Protocol Comparison:

Protocol	Typical Latency	Primary Use Case	Mechanism
Standard HLS/DASH	15-45 seconds	VOD, non-interactive live events	TCP, long segments
Low-Latency HLS/DASH	2-5 seconds	Live sports, news broadcasts	TCP, short/chunked segments
WebRTC	< 1 second	Video conferencing, interactive events	UDP, peer-to-peer (managed by SFU)

Go Example: A Simple RTMP Ingest Server

This conceptual example shows how you might set up a server to accept an RTMP stream using a Go library.
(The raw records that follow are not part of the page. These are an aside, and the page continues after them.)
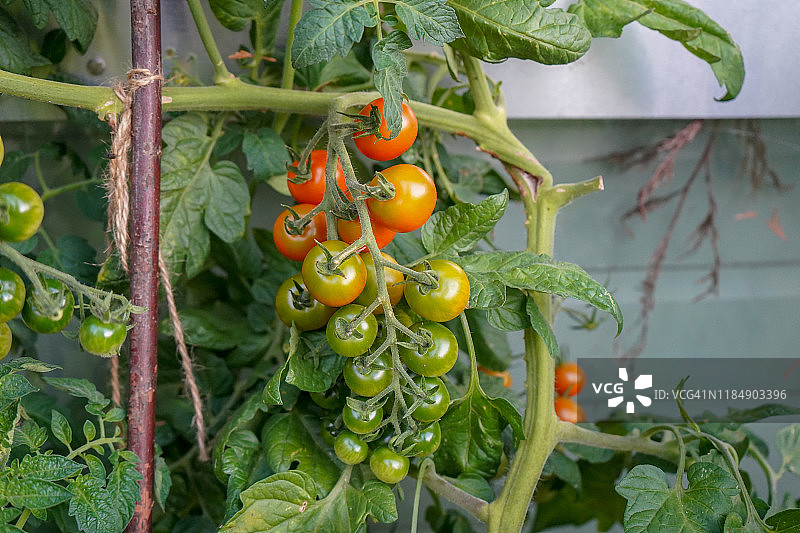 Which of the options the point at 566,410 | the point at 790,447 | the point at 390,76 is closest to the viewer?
the point at 390,76

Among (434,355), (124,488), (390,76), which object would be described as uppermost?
(390,76)

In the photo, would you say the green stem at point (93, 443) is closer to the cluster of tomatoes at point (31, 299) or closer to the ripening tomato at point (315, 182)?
the cluster of tomatoes at point (31, 299)

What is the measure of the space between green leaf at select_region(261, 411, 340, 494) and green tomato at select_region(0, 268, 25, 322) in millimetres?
263

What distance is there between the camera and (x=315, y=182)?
0.60 meters

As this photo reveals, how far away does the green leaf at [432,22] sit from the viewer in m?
0.52

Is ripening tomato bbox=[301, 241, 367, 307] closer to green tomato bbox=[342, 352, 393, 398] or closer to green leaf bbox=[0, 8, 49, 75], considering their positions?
green tomato bbox=[342, 352, 393, 398]

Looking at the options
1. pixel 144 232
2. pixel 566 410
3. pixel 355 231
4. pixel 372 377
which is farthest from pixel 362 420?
pixel 566 410

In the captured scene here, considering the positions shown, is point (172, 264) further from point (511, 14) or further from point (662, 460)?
point (662, 460)

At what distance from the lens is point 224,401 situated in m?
0.85

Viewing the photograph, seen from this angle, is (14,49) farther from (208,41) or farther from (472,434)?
(472,434)

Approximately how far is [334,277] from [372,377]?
10 cm

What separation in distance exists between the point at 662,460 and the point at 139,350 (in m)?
0.66

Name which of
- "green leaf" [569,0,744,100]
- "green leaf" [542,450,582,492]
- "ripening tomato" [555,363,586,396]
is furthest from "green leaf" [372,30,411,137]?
"ripening tomato" [555,363,586,396]

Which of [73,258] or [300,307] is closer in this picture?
[300,307] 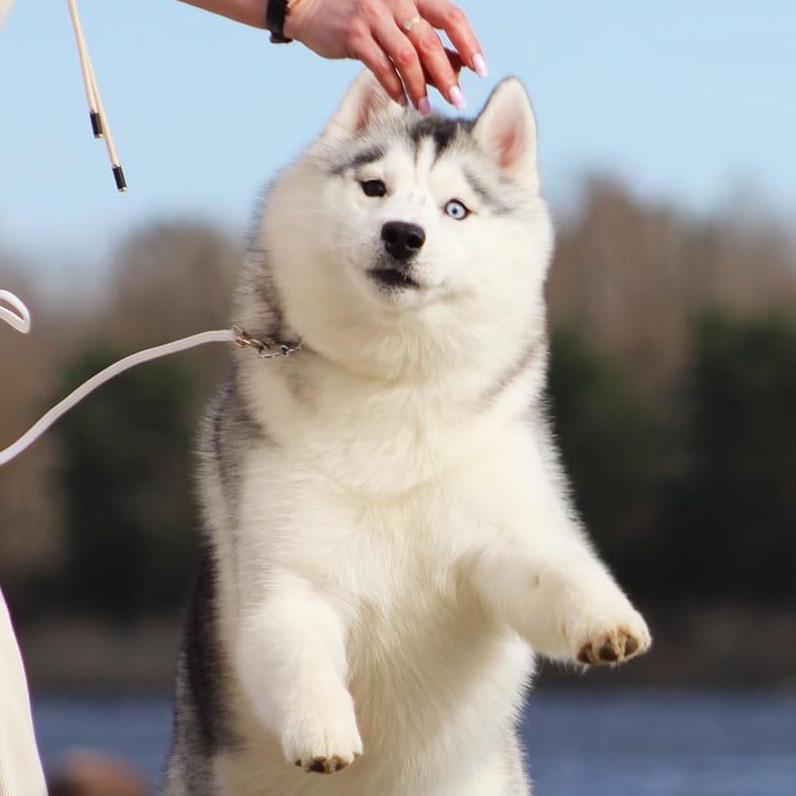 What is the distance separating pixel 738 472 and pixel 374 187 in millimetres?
23260

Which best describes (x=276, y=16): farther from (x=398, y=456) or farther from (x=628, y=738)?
(x=628, y=738)

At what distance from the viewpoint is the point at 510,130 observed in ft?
12.8

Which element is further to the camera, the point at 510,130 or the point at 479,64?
the point at 510,130

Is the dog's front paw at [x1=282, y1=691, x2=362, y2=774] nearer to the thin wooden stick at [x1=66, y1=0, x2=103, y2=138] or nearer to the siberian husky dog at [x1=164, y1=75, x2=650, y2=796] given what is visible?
the siberian husky dog at [x1=164, y1=75, x2=650, y2=796]

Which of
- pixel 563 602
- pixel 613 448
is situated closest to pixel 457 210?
pixel 563 602

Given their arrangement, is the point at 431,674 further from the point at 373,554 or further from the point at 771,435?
the point at 771,435

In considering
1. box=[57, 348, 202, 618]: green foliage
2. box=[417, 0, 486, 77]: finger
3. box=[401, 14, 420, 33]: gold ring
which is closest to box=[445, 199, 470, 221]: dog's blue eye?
box=[417, 0, 486, 77]: finger

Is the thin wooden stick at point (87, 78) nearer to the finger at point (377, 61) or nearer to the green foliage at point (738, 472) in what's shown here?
the finger at point (377, 61)

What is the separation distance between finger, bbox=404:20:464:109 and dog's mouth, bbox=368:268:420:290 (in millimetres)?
429

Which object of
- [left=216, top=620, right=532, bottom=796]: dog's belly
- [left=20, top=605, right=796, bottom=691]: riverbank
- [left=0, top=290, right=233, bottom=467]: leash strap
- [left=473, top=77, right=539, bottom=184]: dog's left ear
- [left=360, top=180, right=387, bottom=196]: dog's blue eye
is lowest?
[left=20, top=605, right=796, bottom=691]: riverbank

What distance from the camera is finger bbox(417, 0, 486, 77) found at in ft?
10.6

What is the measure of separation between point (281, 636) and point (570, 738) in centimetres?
2163

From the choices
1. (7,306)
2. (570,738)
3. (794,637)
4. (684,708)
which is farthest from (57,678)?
(7,306)

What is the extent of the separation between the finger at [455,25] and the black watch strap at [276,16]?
0.31m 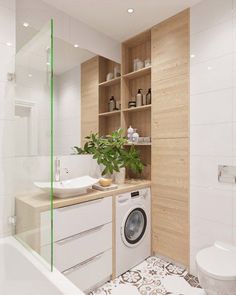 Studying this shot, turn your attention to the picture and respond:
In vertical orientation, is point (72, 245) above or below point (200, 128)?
below

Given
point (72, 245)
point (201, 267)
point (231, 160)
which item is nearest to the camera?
point (201, 267)

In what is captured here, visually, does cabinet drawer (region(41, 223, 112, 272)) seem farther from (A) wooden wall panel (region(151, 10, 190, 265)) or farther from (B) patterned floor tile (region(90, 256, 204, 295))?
(A) wooden wall panel (region(151, 10, 190, 265))

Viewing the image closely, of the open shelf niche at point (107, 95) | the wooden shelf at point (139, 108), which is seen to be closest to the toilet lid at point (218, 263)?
the wooden shelf at point (139, 108)

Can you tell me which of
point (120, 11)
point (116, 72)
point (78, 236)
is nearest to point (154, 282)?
point (78, 236)

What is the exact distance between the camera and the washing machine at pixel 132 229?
219 cm

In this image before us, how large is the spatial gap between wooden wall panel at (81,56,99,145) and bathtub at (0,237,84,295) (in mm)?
1339

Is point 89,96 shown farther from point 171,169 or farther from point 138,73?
point 171,169

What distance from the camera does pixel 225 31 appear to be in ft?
6.46

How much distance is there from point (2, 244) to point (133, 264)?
1.35m

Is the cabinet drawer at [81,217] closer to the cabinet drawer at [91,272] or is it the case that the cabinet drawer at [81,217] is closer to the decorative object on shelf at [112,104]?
the cabinet drawer at [91,272]

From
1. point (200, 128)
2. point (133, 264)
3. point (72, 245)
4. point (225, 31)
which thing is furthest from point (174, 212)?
point (225, 31)

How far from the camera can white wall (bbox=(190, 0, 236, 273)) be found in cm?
195

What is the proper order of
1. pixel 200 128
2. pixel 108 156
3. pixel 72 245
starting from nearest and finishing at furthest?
pixel 72 245
pixel 200 128
pixel 108 156

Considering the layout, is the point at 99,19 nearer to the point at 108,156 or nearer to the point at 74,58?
the point at 74,58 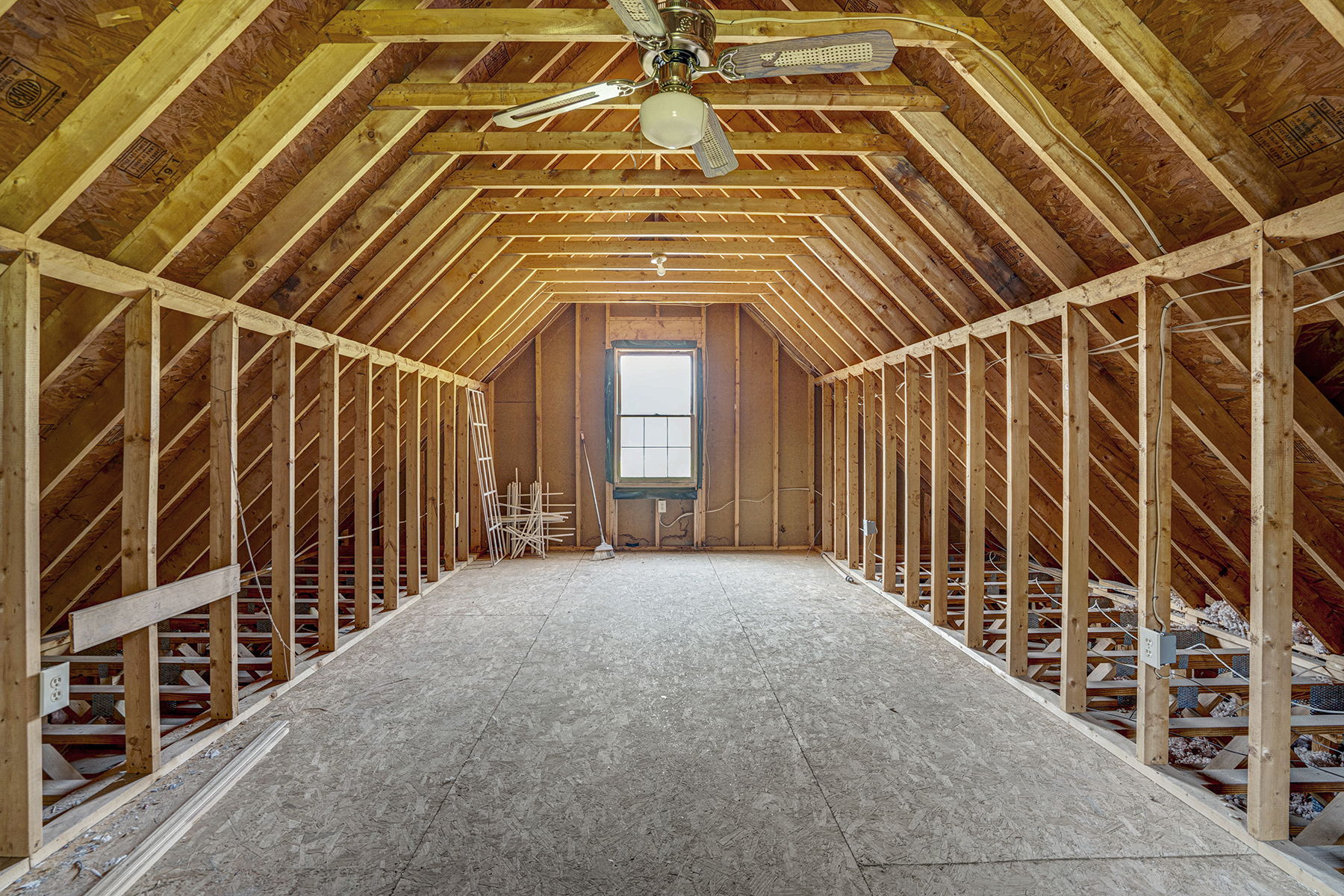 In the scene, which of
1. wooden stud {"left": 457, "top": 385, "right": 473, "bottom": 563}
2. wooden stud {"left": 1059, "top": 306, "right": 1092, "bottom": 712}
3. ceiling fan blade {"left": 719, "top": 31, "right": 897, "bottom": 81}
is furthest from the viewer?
wooden stud {"left": 457, "top": 385, "right": 473, "bottom": 563}

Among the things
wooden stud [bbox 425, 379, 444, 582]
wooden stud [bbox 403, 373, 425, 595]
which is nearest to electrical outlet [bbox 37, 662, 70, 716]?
wooden stud [bbox 403, 373, 425, 595]

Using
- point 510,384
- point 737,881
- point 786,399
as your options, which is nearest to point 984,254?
point 737,881

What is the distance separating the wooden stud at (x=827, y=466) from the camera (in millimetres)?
8117

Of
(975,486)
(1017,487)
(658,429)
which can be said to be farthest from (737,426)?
(1017,487)

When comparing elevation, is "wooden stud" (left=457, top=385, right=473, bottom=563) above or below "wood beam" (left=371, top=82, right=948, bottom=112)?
below

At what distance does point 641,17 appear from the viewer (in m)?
1.85

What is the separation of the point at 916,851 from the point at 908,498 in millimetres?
3620

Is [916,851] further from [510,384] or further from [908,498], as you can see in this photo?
[510,384]

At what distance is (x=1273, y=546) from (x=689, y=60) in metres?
2.65

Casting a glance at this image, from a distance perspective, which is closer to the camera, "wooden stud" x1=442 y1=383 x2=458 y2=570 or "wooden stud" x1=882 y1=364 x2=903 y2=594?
"wooden stud" x1=882 y1=364 x2=903 y2=594

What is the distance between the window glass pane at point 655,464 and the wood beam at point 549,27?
6.23m

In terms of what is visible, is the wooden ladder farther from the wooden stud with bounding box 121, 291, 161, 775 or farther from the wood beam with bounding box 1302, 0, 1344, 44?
the wood beam with bounding box 1302, 0, 1344, 44

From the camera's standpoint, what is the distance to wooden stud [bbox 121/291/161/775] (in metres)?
2.70

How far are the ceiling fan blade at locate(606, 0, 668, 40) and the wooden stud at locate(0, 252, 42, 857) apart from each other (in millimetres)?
2189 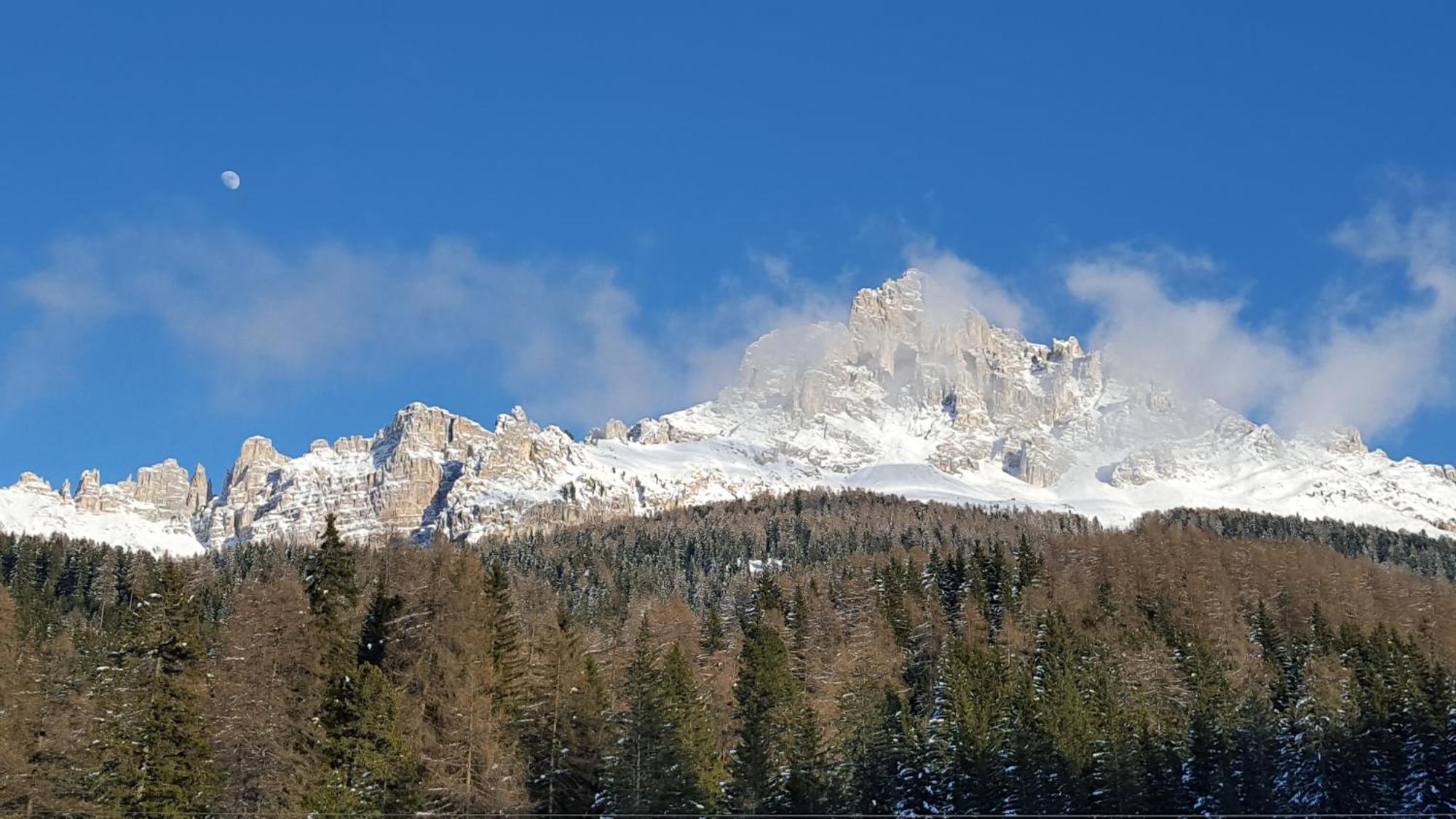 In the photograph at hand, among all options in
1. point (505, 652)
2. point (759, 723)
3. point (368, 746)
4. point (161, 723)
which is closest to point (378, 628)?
point (505, 652)

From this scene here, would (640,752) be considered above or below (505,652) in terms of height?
below

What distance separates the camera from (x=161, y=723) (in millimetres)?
48344

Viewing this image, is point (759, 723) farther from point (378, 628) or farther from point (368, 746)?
point (368, 746)

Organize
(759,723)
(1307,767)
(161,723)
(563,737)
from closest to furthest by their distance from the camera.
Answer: (161,723), (563,737), (759,723), (1307,767)

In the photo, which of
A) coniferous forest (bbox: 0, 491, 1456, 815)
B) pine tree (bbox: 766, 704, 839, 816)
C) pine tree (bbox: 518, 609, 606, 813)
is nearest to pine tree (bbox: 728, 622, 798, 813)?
coniferous forest (bbox: 0, 491, 1456, 815)

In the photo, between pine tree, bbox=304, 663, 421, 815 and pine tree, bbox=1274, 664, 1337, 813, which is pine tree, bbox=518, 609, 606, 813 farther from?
pine tree, bbox=1274, 664, 1337, 813

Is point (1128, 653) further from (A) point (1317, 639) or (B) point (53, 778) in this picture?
(B) point (53, 778)

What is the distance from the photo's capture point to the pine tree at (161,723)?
47.6 meters

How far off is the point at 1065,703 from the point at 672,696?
22.6 meters

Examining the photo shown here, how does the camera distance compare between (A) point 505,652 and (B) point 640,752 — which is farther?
(A) point 505,652

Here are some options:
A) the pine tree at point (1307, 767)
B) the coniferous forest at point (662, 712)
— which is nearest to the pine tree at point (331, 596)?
the coniferous forest at point (662, 712)

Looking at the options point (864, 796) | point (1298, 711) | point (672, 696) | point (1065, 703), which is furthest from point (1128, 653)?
point (672, 696)

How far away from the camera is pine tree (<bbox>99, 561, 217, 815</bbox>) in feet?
156

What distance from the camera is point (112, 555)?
17012 cm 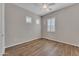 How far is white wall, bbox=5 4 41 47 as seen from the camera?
2.50 m

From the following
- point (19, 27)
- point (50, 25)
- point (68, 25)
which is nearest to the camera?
point (19, 27)

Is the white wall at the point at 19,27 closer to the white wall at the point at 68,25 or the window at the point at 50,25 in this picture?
the window at the point at 50,25

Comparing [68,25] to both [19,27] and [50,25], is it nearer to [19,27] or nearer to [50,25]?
[50,25]

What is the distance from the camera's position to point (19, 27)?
2.58 meters

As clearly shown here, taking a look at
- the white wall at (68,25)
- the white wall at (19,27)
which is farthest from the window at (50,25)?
the white wall at (19,27)

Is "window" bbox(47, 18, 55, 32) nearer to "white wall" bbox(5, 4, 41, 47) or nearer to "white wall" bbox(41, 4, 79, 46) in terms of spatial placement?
"white wall" bbox(41, 4, 79, 46)

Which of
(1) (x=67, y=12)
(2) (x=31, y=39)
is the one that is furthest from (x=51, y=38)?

This server would be the first entry point for a streamer's broadcast.

package main

import (
    "fmt"
    "log"

    "github.com/gwuhaolin/livego/protocol/rtmp"
    "github.com/gwuhaolin/livego/protocol/rtmp/rtmpcore"
)

// StreamHandler is a custom handler that gets invoked for different RTMP events.
type StreamHandler struct{}

// OnPublish is called when a client starts publishing a stream.
func (h *StreamHandler) OnPublish(conn rtmpcore.Conn) error {
    streamName, _ := conn.StreamName()
    log.Printf("Stream published: %s", streamName)
    
    // In a real system, you would now:
    // 1. Authenticate the stream key.
    // 2. Forward this raw RTMP stream to the real-time transcoding service.
    
    return nil
}

// OnPlay is called when a client wants to play a stream.
// (This is for RTMP playback, not HLS/DASH).
func (h *StreamHandler) OnPlay(conn rtmpcore.Conn) error {
    streamName, _ := conn.StreamName()
    log.Printf("Client playing stream: %s", streamName)
    return nil
}

// OnClose is called when a connection is closed.
func (h *StreamHandler) OnClose(conn rtmpcore.Conn) error {
    streamName, _ := conn.StreamName()
    log.Printf("Stream closed: %s", streamName)
    return nil
}


func main() {
    // Create a new RTMP server
    server := rtmp.NewRtmpServer(&StreamHandler{}, nil)
    
    // The address to listen on
    listenAddr := ":1935"
    log.Printf("RTMP Ingest Server listening on %s", listenAddr)

    // To test this, you can use software like OBS to stream to:
    // rtmp://localhost:1935/live/mystream
    err := server.ListenAndServe(listenAddr)
    if err != nil {
        log.Fatalf("Failed to start RTMP server: %v", err)
    }
}

(To run this, you'll need the livego library and its dependencies: go get github.com/gwuhaolin/livego)

Conclusion

Live streaming architecture is a fascinating optimization problem centered on minimizing latency. While it shares components with VOD, every step must be designed for speed and real-time processing. The choice of streaming protocol is the most critical decision and depends entirely on the latency requirements of the application. For large-scale broadcasts where a few seconds of delay is acceptable, Low-Latency HLS/DASH provides a scalable, CDN-friendly solution. For truly interactive, sub-second experiences like video conferencing, WebRTC is the undisputed champion, though it requires a more complex backend infrastructure to manage at scale.